2. The prettiest part of the dough -- in my opinion -- is the lovely speckled appearance the gound espresso beans (or instant espresso powder that I substituted) give the dough. When you gather your scraps and re-roll, though, this speckled appearance begins to mottle and then fade into one sort of cohesive color. No worries on that score, however, because the cookies are dusted with powdered sugar and cocoa powder at the end anyway. You can see that the spots are still present in the second roll, though not as noticeable. If you're neurotic about using every last scrap of your dough (like I am) then you'll more than likely end up with a cookie that looks like my third roll round. Perhaps the ground espresso beans, rather than the instant espresso powder that I used, would be more likely to retain their integrity in the dough. Darn that espresso powder -- it lacks integrity.
All told, I loved these cookies. They're delicate, buttery, and have a lovely, lovely cappuccino flavor. Dudley loved them, too, and I think that they'll make a repeat appearance in the future. I think they'd actually be lovely at the end of a meal, perhaps with a cup of espresso? They'd be quite lovely with a cup of hot chocolate as well. 


Ingredients

  • 2/3 cup all-purpose flour

  • 1/8 teaspoon coarse salt

  • 1 tablespoon finely ground espresso beans (I substituted instant espresso powder because that's what I had handy)

  • 6 tablespoons unsalted butter, room temperature

  • 1/4 cup confectioners' sugar, plus more for dusting

  • 1/4 teaspoon pure vanilla extract

  • 1/3 cup heavy cream

  • 2 1/2 ounces milk chocolate, finely chopped

  • Unsweetened cocoa powder, for dusting



  • Whisk flour, espresso, and salt in a bowl. Put butter and sugar in the bowl of an electric mixer fitted with the paddle, and mix on medium-high speed until pale and fluffy. Mix in vanilla. Add flour mixture; mix on medium-low until dough comes together. Shape into a disk, and wrap in plastic. Refrigerate 30 minutes.

  • Preheat oven to 350 degrees. Let dough stand at room temperature 10 minutes. Roll between sheets of parchment to 1/8 inch thick. Cut out rounds with a 1 1/8-inch cutter; space 1/2 inch apart on baking sheets lined with parchment. Reroll scraps; cut out. Freeze 10 minutes.

  • Bake until set but not browned, about 9 minutes. Let cool on sheets 5 minutes. Transfer to wire racks; cool completely.

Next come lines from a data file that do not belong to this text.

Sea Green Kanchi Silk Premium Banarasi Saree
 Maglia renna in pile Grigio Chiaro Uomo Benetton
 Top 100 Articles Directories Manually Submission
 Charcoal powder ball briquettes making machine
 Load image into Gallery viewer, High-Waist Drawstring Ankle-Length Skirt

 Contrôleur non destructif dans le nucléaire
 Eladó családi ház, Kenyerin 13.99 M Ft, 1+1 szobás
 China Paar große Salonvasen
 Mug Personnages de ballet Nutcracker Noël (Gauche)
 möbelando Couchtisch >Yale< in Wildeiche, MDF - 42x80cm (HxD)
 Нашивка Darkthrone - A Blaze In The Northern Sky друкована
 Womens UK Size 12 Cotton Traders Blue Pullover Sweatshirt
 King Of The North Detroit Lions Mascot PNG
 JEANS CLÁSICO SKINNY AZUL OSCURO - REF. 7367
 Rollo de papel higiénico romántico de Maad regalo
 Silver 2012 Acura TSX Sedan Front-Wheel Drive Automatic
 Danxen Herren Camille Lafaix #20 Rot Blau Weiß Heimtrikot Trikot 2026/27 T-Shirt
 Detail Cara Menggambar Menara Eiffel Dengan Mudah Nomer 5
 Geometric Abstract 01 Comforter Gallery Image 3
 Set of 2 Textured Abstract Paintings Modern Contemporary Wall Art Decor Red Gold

  • Bring cream to a simmer. Pour over chocolate; stir until smooth. Press plastic wrap onto surface; refrigerate at least 4 hours or up to overnight. Whisk to soft peaks; transfer to a pastry bag fitted with a 1/4-inch plain round tip. Pipe about 1 teaspoon filling on bottoms of half the cookies; sandwich with remaining cookies. Dust with cocoa and confectioners' sugar. Cookies can be refrigerated in an airtight container up to 1 day.